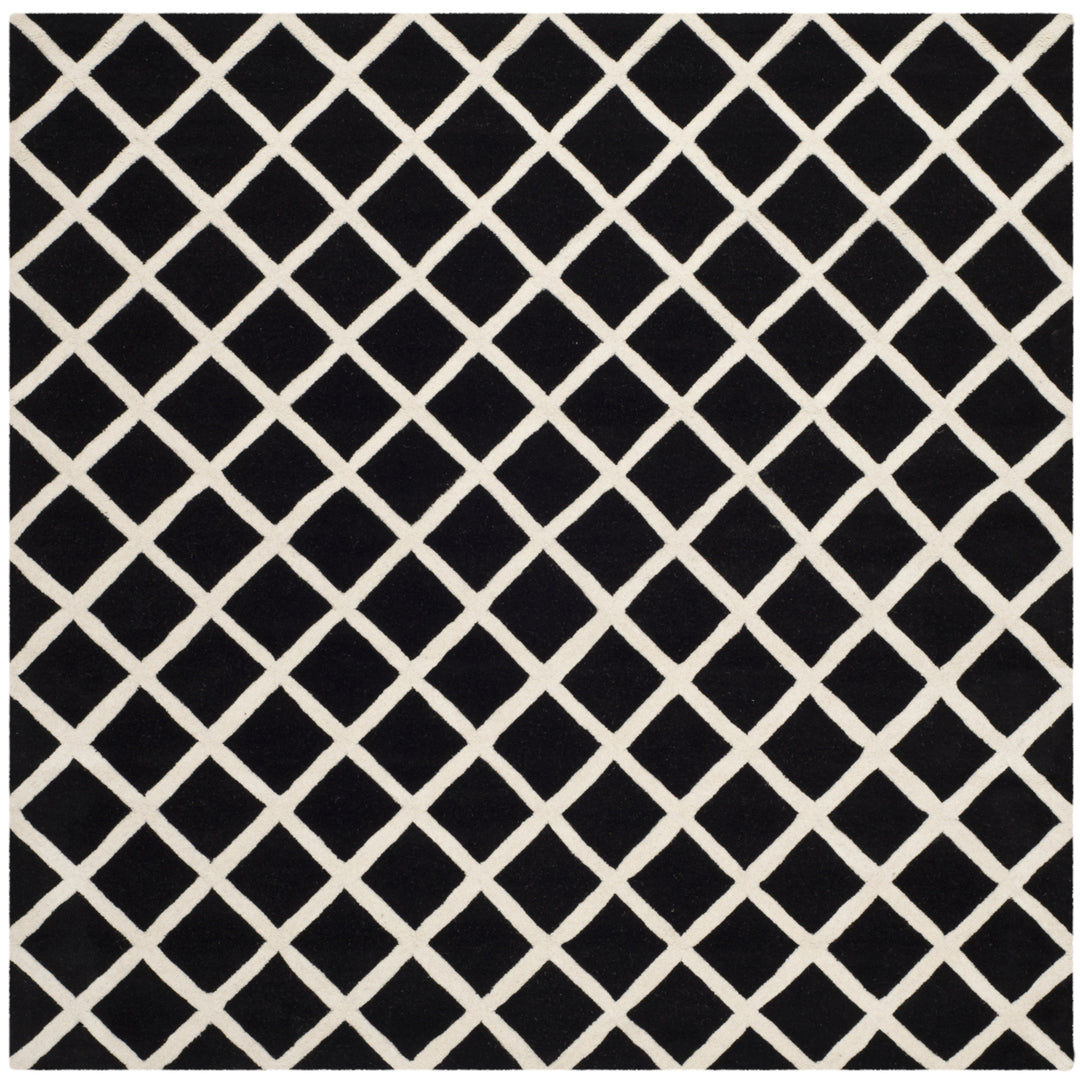 SAFAVIEH Chatham CHT718K Handmade Black / Ivory Rug Image 6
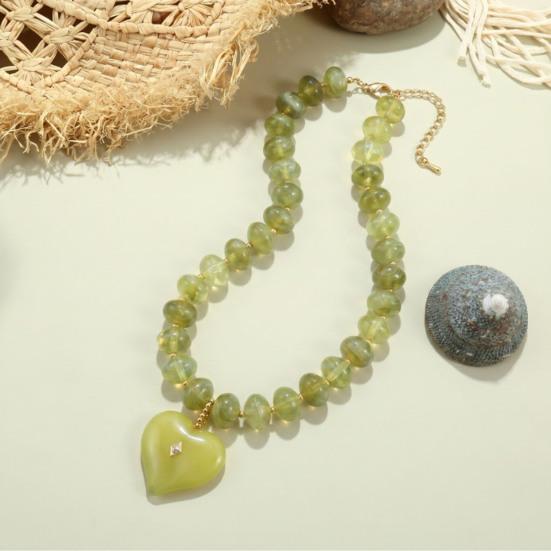Chunky Beaded Choker, Colorful Acrylic Beads Necklace, Heart Pendant Choker for Women Summer Beach Vacation Jewelry
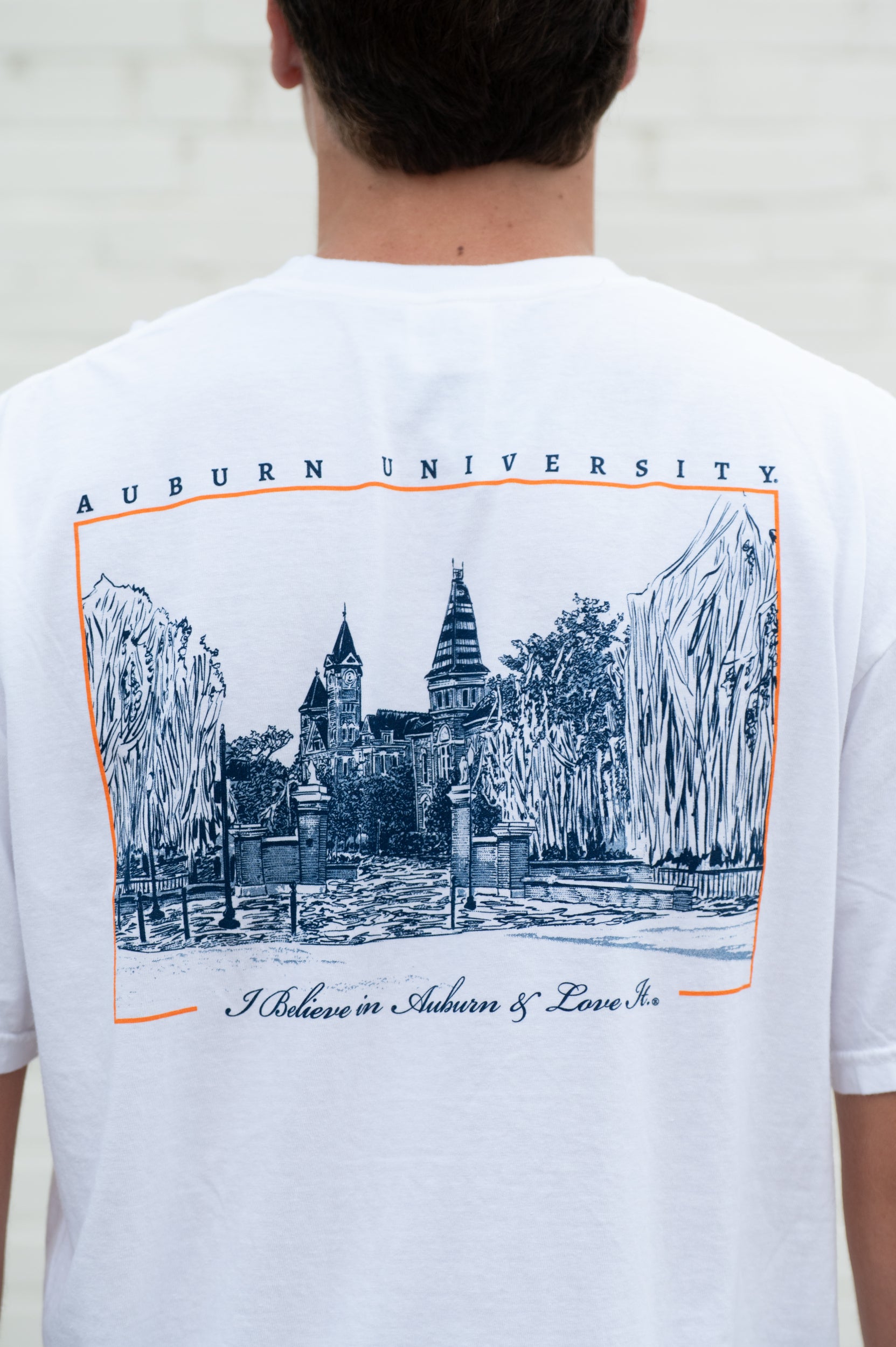 Auburn University White T-Shirt with a Navy illustration of Toomer’s Corner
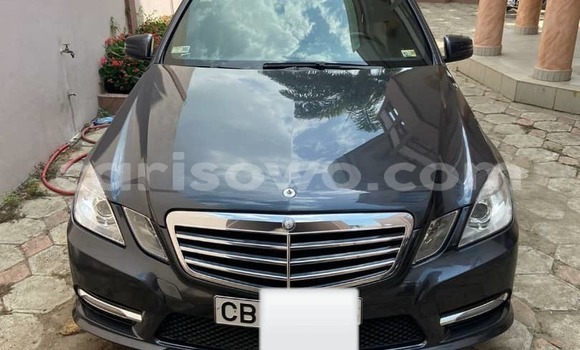 Buy Used Mercedes-Benz E–Class Black Car in Cotonou in Benign Buy Used Mercedes-Benz E–Class Black Car in Cotonou in Benign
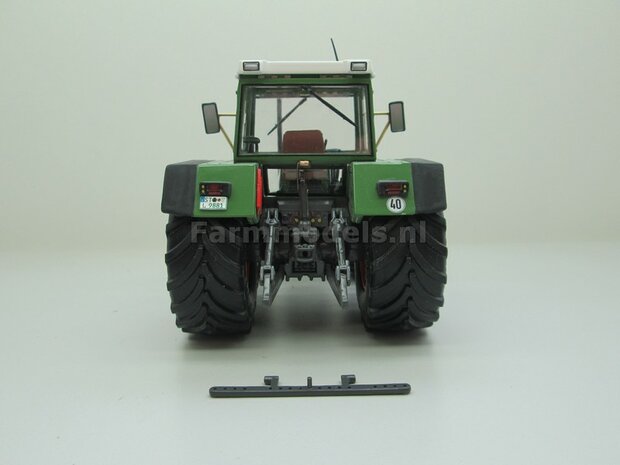 Fendt 612- 615 WeiseToys: Brede Vooras banden &Oslash; 47 mm x 20,5 mm breed + ALU. velgen FENDT ROOD geleverd 1:32 Farmmodels Custom Line Series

───

A precise repetition of every entry, free of pictures, is the expected answer.

### YOUR SOLUTION:
 SAFAVIEH Chatham CHT718K Handmade Black / Ivory Rug Image 6
Chunky Beaded Choker, Colorful Acrylic Beads Necklace, Heart Pendant Choker for Women Summer Beach Vacation Jewelry
 Auburn University White T-Shirt with a Navy illustration of Toomer’s Corner
 Buy Used Mercedes-Benz E–Class Black Car in Cotonou in Benign Buy Used Mercedes-Benz E–Class Black Car in Cotonou in Benign
 Fendt 612- 615 WeiseToys: Brede Vooras banden &Oslash; 47 mm x 20,5 mm breed + ALU. velgen FENDT ROOD geleverd 1:32 Farmmodels Custom Line Series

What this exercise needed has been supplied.